The author is a Conservative councillor on Cheshire West and Chester
On May 8th hundreds of thousands of people across England woke up with a new Conservative council. From Amber Valley to Bath, South Gloucestershire to Poole, Gravesham to Eden, people in 32 new areas now had majority Conservative councils, helped by our party winning an extra 541 councillors.
Rejoice!
Except in Cheshire West & Chester.
We were left licking our wounds as Labour picked up 6 seats, and took a flagship Conservative council straight from our control. This wasn’t just a sad day, it was a catastrophic loss of a council we had held since it was created in 2008, and one which was previously 55 blue seats to just 13 red ones.
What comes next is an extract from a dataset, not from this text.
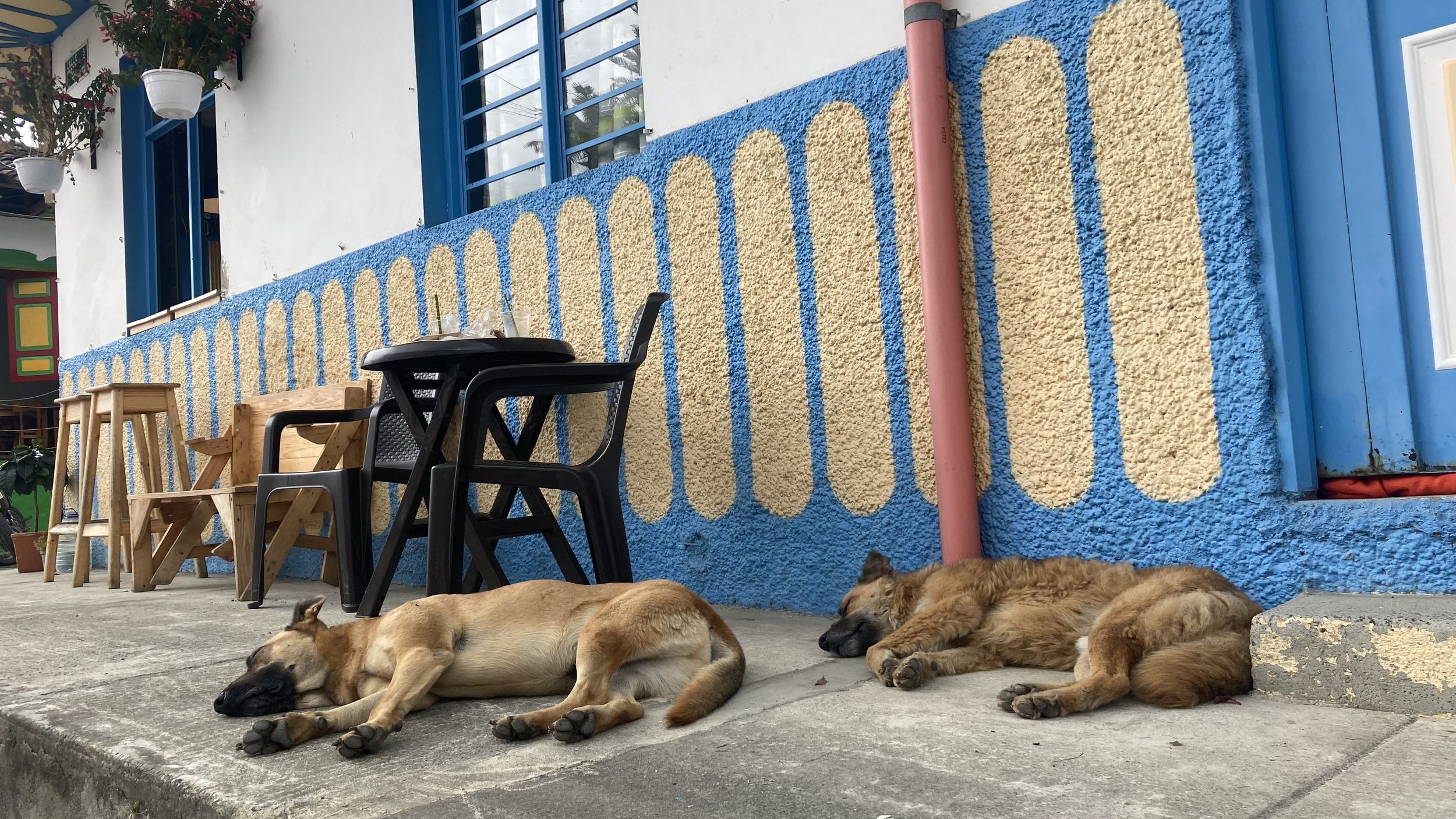 dogs salento.jpg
To an outside observer this would seem a bizarre event. A multi-award-winning council which had made huge savings, and shared them between taxpayers and investment in local services was lost to a Labour group which lacked imagination, and was obsessed with following the Unite line on everything. To us locals, however, it was pretty obvious what was about to happen, and why we would lose.
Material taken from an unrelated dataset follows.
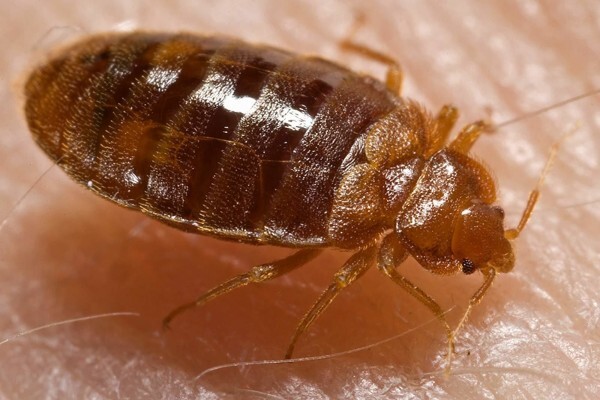 Pest Managers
The now ex-council leader had made himself deeply unpopular with residents in half of the Borough. Cllr Mike Jones had developed a reputation for immense arrogance, and he had behaved in a way which allowed our opponents to paint us as dodgy, or even corrupt.
On planning matters he was seen as the developers’ friend, riding roughshod over concerns from across the Borough, ignoring political and strategic advice from colleagues, and behaving as though concreting over the greenbelt in historic Chester was the single most important thing in the world. One particularly controversial site for a student village involved a local building firm owned by his friends and for which he acted as a cheerleader. Similarly in one of the Borough’s other towns, Ellesmere Port, he enthusiastically promoted a large housing development on high quality farmland which had almost 2 decades of near total local opposition, including from his own side. (Read about these matters here and here.)
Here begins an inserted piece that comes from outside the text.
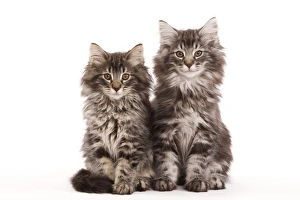 Cat - two Norwegian forest kittens Cat - two Norwegian forest kittens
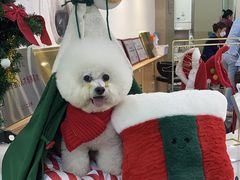 -美联众合动物医院·24h转诊中心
When four of our councillors tried to sort out the damage he was doing to the reputation of the Conservatives in the area, he threw them out of the group contrary to party rules. They were eventually readmitted after pressure from the rest of the council group and the regional party.
On fracking he allowed our opponents to claim we were making decisions in secret, and they organised, protested and rallied against us. Here and here.
On homelessness he alienated an entire community.
And each of these matters affected either marginal Conservative wards, the marginal Conservative parliamentary seat of Chester, or in many cases affected both. In the end, we lost most of them to Labour.
On issue after issue, Cllr Jones ignored his own colleagues, appeared immune to public opinion, and continually demonstrated terrible political judgement. Labour portrayed him as an unrepentant, self-serving politician in their target areas of Chester and Ellesmere Port. Regular appearances in Private Eye didn’t help.
At the first annual group meeting after the election, the majority of re-elected councillors voted for the challenger to his leadership, but newer members elected in the other half of the Borough, unaffected by the issues around Chester, helped him scrape back in as leader, reportedly by two votes.
As fellow Conservatives write articles for this site, telling us of their victories in May, and as they continue to talk of their radical reforms to save money and serve their residents, Conservatives in west Cheshire will feel a twinge of angst as we recall how we lost a flagship council directly to Labour (uniquely in the country), and lost a parliamentary seat too.